Contre le hirak, le retour de l’inquisition

«Souvent ce sont les inquisiteurs qui créent les hérétiques. Non seulement pour les imaginer quand ils n’existent pas, mais parce qu’ils répriment avec une telle véhémence la vérole hérétique que nombreux sont ceux qui l’attrapent par haine des inquisiteurs.» « Le Nom de la rose« , Umberto Eco

Qu’est, notre pays, devenu ? Quand j’étais adolescent, pour rigoler entre nous dans les rues et les cafés de Sétif, nous avions l’habitude de nommer l’Algérie « bled Mickey », le pays de Mickey. Aujourd’hui, même Kafka ne s’y retrouverait pas. Tout va de guingois et tout se retourne contre cette population qui n’en peut mais… Que dire de ce nouveau pouvoir qui ne doit d’être là, aujourd’hui, que grâce au soulèvement pacifique du hirak qui, à partir du 22 février 2019, n’a cessé de faire sortir les jeunes et les vieux, les femmes et les hommes, les handicapés et les valides, pour manifester d’Alger jusqu’à Tamanrasset et d’El Tarf jusqu’à Ghazaouet.

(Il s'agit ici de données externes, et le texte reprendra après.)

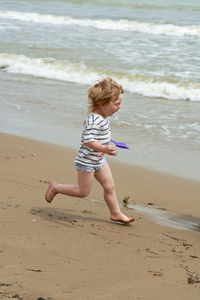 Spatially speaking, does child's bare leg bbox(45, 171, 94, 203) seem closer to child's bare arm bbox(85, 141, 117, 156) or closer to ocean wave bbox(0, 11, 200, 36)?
child's bare arm bbox(85, 141, 117, 156)

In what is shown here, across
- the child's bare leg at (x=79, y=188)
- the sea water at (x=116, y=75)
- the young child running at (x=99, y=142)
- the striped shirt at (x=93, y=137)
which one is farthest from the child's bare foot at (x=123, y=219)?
the sea water at (x=116, y=75)

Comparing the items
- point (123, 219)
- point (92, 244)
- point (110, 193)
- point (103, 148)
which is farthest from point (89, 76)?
point (92, 244)

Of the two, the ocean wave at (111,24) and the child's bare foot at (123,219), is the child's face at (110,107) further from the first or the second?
the ocean wave at (111,24)

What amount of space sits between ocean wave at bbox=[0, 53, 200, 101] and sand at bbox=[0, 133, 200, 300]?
497 centimetres

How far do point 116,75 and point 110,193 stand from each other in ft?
25.2

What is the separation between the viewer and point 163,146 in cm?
696

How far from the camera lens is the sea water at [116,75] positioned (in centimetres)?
725

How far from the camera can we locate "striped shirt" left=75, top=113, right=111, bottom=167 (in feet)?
13.1

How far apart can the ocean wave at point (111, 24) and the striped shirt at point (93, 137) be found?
1378 cm

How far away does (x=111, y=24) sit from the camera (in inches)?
781

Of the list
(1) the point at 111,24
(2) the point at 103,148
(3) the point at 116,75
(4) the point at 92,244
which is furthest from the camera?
(1) the point at 111,24

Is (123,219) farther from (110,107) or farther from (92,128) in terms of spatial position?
(110,107)

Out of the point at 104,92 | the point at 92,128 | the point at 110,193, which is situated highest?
the point at 104,92

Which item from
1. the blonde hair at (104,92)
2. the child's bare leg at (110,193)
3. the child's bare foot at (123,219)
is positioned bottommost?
the child's bare foot at (123,219) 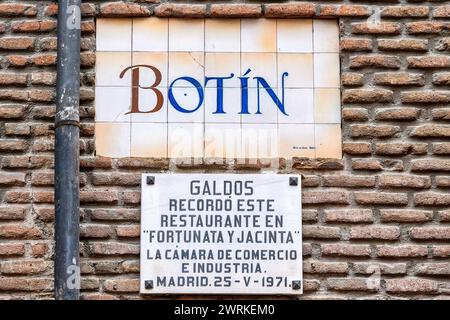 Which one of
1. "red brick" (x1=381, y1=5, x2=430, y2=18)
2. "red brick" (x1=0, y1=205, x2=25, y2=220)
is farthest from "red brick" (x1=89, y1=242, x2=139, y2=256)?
"red brick" (x1=381, y1=5, x2=430, y2=18)

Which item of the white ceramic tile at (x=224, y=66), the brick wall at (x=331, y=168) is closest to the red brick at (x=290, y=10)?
the brick wall at (x=331, y=168)

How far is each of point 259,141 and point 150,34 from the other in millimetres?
786

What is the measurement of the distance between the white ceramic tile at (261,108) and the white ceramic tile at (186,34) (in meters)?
0.36

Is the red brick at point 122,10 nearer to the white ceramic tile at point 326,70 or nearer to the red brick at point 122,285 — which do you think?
the white ceramic tile at point 326,70

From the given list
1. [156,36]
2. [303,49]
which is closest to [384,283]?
[303,49]

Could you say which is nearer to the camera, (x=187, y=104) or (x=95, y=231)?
(x=95, y=231)

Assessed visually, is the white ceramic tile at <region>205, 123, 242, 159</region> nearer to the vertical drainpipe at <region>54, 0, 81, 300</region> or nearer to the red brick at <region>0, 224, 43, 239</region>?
the vertical drainpipe at <region>54, 0, 81, 300</region>

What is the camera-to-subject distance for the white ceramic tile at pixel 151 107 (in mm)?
6469

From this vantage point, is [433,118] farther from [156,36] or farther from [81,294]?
[81,294]

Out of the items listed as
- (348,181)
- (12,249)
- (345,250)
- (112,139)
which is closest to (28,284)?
(12,249)

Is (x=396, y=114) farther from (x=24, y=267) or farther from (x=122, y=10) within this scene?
(x=24, y=267)

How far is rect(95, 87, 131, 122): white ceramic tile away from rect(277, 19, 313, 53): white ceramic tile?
821 mm

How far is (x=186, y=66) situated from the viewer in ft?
21.5

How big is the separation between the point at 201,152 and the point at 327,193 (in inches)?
25.9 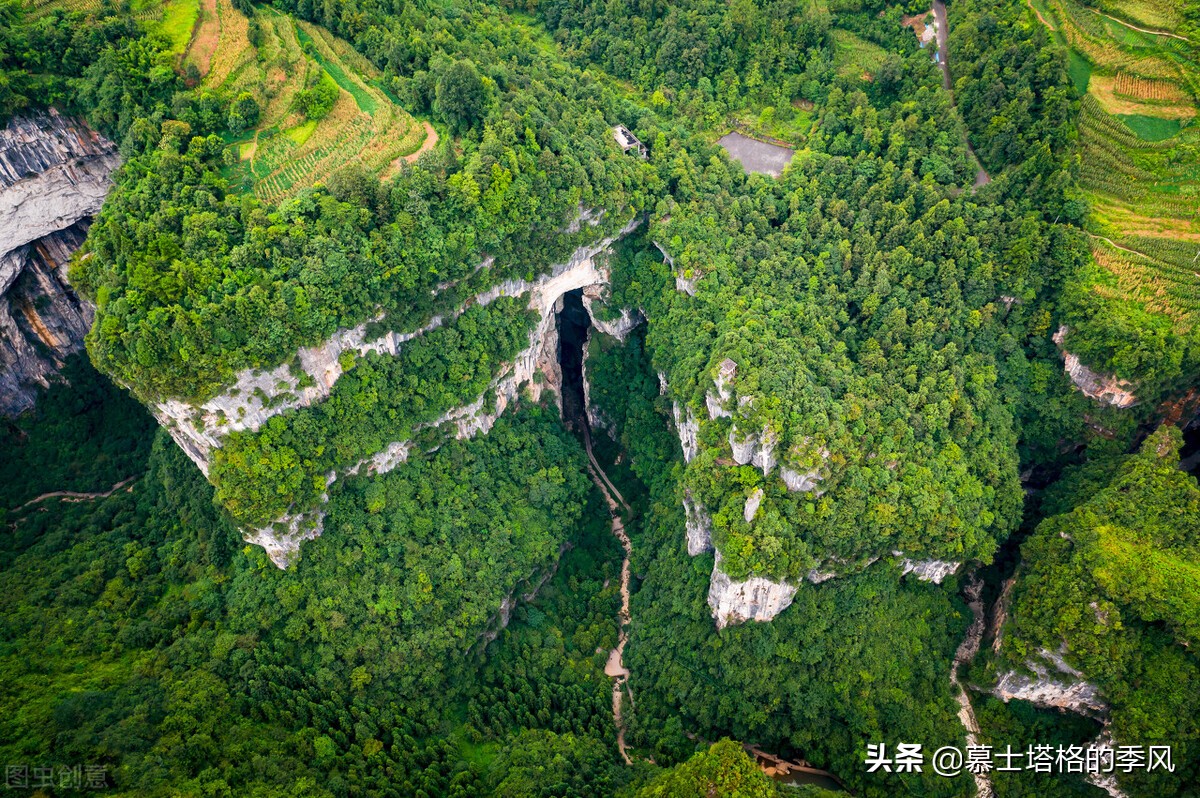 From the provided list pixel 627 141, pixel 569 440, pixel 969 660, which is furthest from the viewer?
pixel 569 440

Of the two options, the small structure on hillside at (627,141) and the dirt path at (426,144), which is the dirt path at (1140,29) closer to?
the small structure on hillside at (627,141)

Parce qu’il ne faut jamais l’oublier, sans le hirak, nous aurions eu droit à notre cinquième mandat de Bouteflika, le président zombie, qui, lui a tenu vingt ans quand même ! Et comme me l’a fait remarquer ce midi l’ami Arezki Metref, en vingt ans, et malgré sa mégalomanie, Bouteflika a mis moins de gens en prison que Tebboune en 10 mois.

Tout va de traviole ! La marche blanche organisée, square Port-Saïd à Oran, pour rendre hommage à la jeune Chaïma qui a été violée, tuée et brûlée à Boumerdès, a été chargée par les sbires du pouvoir et les participants arrêtés et embarqués manu-militari.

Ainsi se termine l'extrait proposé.